**YOUR TASK**
Pictures aside, repeat every record below exactly.

**DATA EXTRACT**
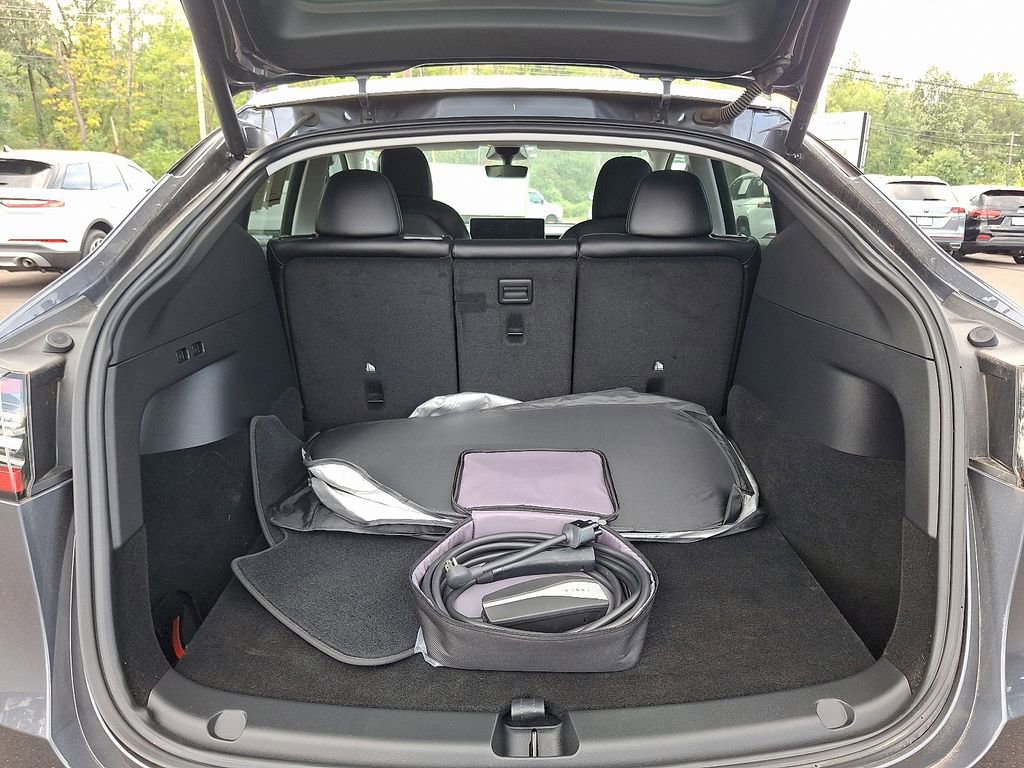Used 2022 Tesla Model Y Long Range image 28
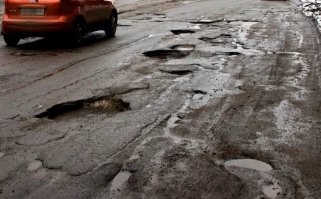 Ну я же как то езжу по таким дорогам...
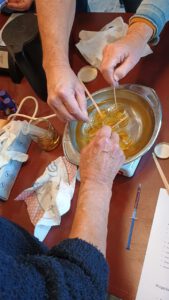 workshop propolis crème maken workshop propolis crème maken Imkerij DreLou
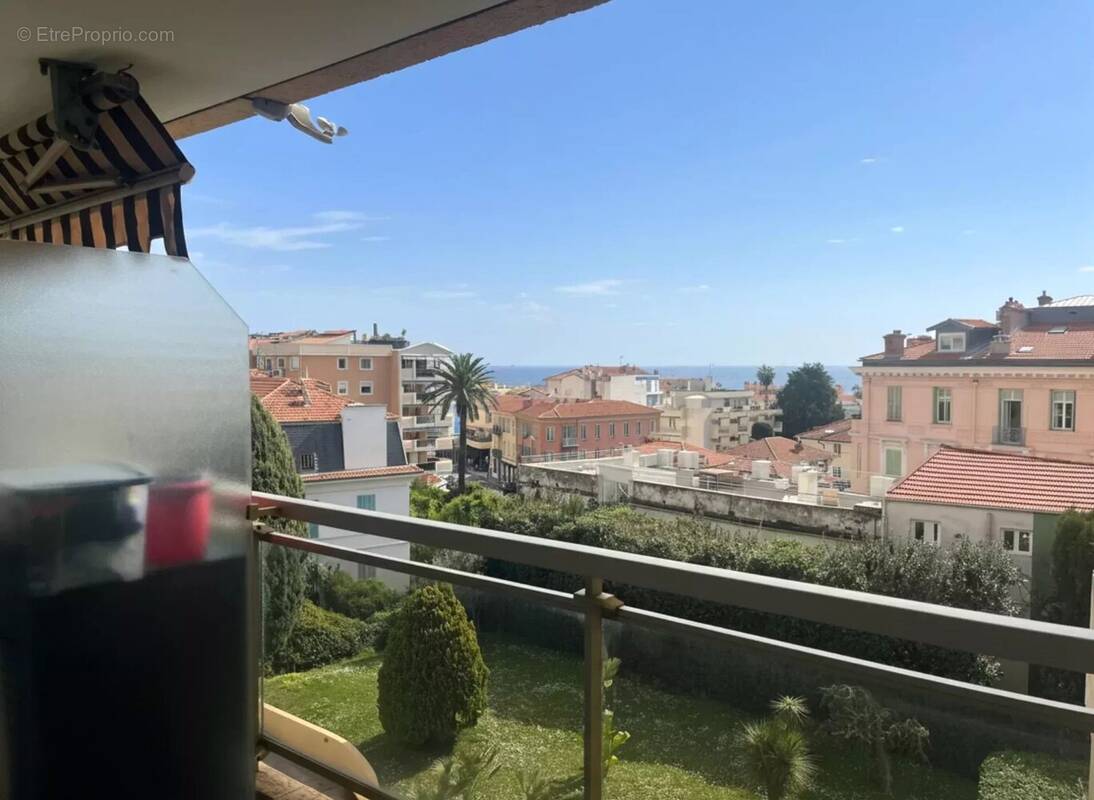 Appartement à BEAULIEU-SUR-MER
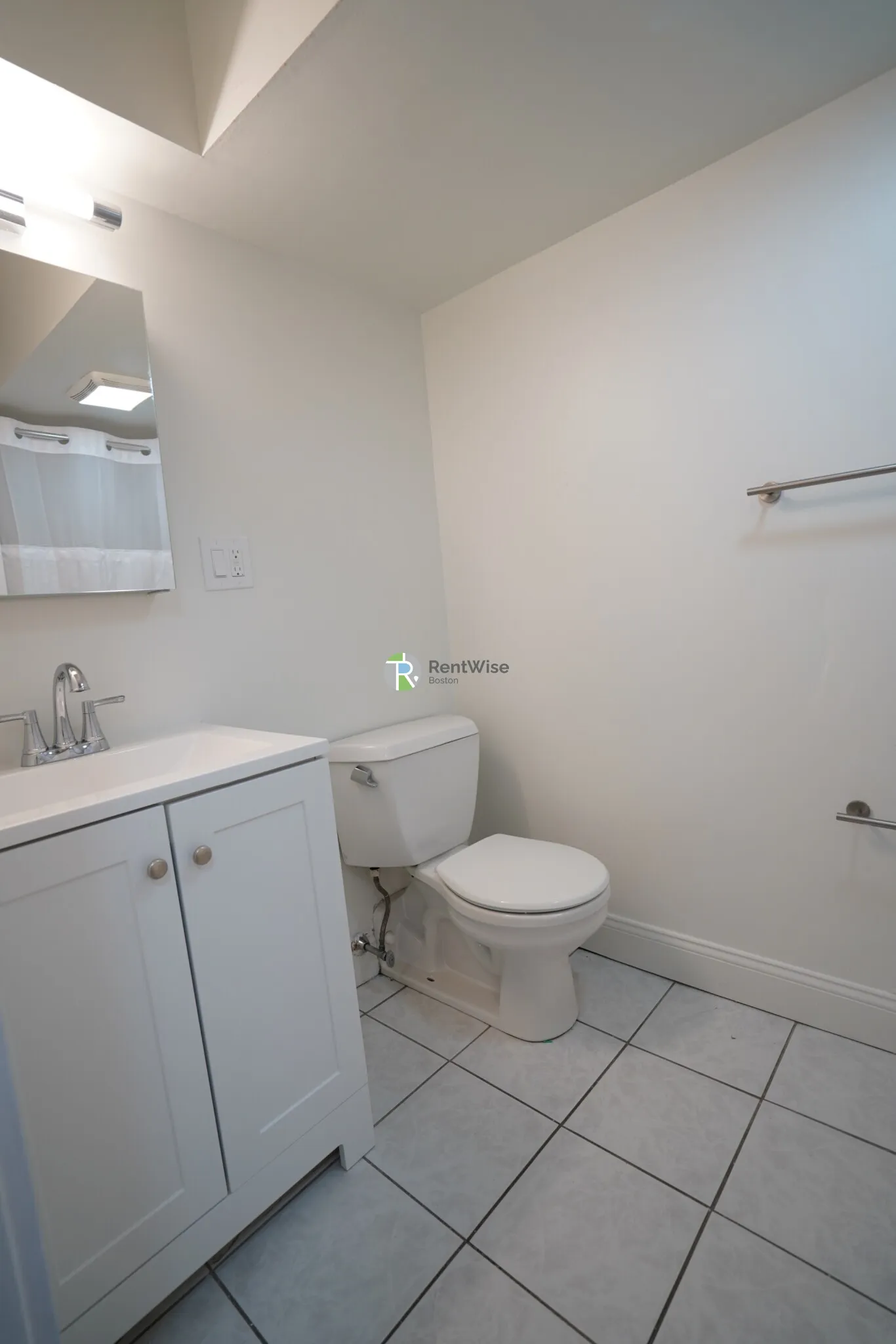 2 bed, 1 bath apartment for rent at 6 Camelot Ct Unit B, Brighton — photo 16 of 22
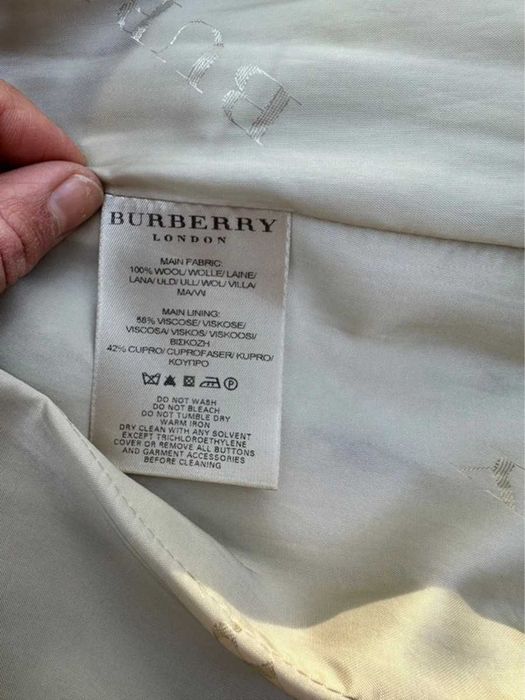 Burberry płaszcz beżowy 100% wełna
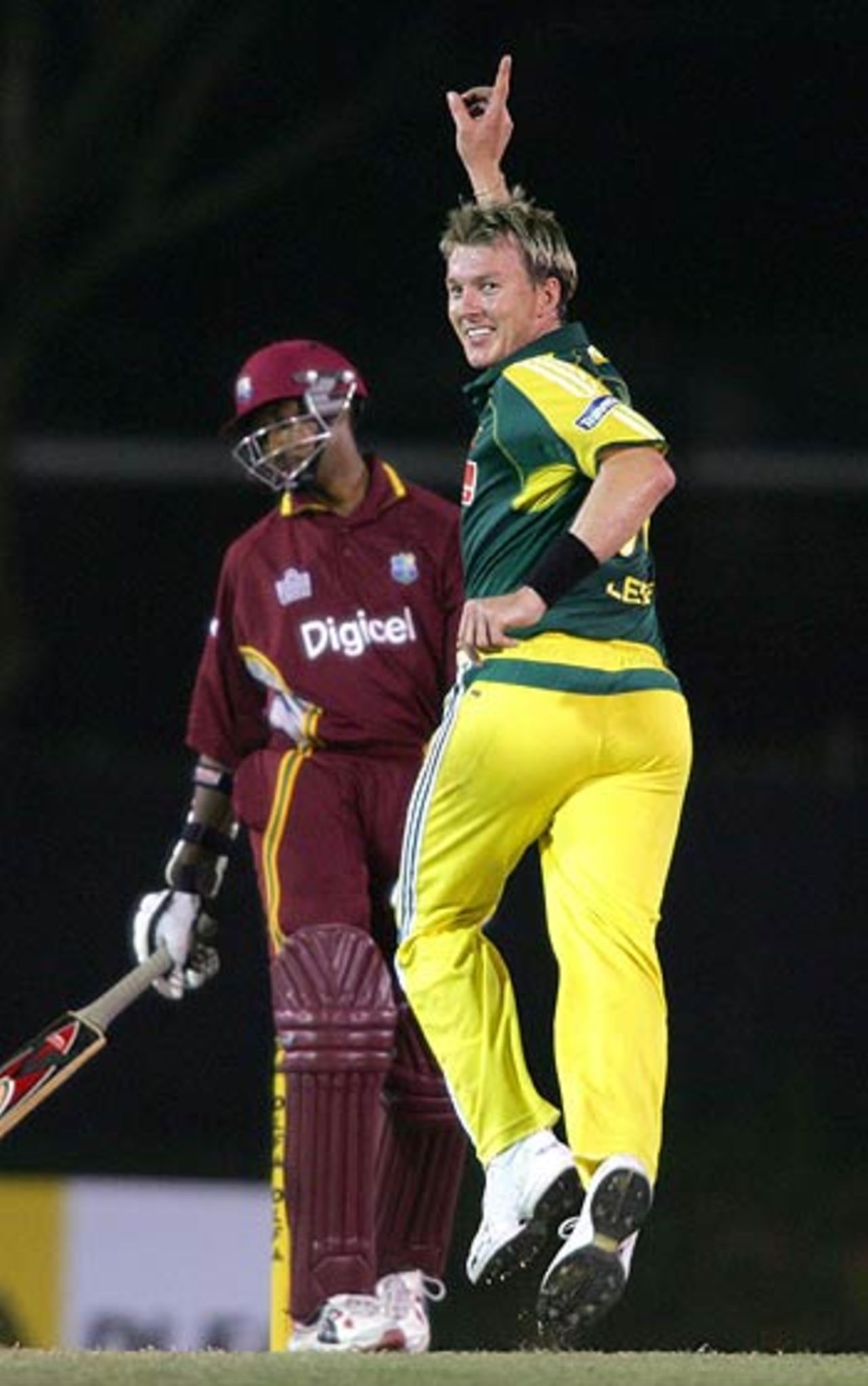 Brett Lee pegs away with the wicket of Ian Bradshaw, Australia v West Indies, DLF Cup final, September 24, 2006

**TASK SOLUTION**
Used 2022 Tesla Model Y Long Range image 28
 Ну я же как то езжу по таким дорогам...
 workshop propolis crème maken workshop propolis crème maken Imkerij DreLou
 Appartement à BEAULIEU-SUR-MER
 2 bed, 1 bath apartment for rent at 6 Camelot Ct Unit B, Brighton — photo 16 of 22
 Burberry płaszcz beżowy 100% wełna
 Brett Lee pegs away with the wicket of Ian Bradshaw, Australia v West Indies, DLF Cup final, September 24, 2006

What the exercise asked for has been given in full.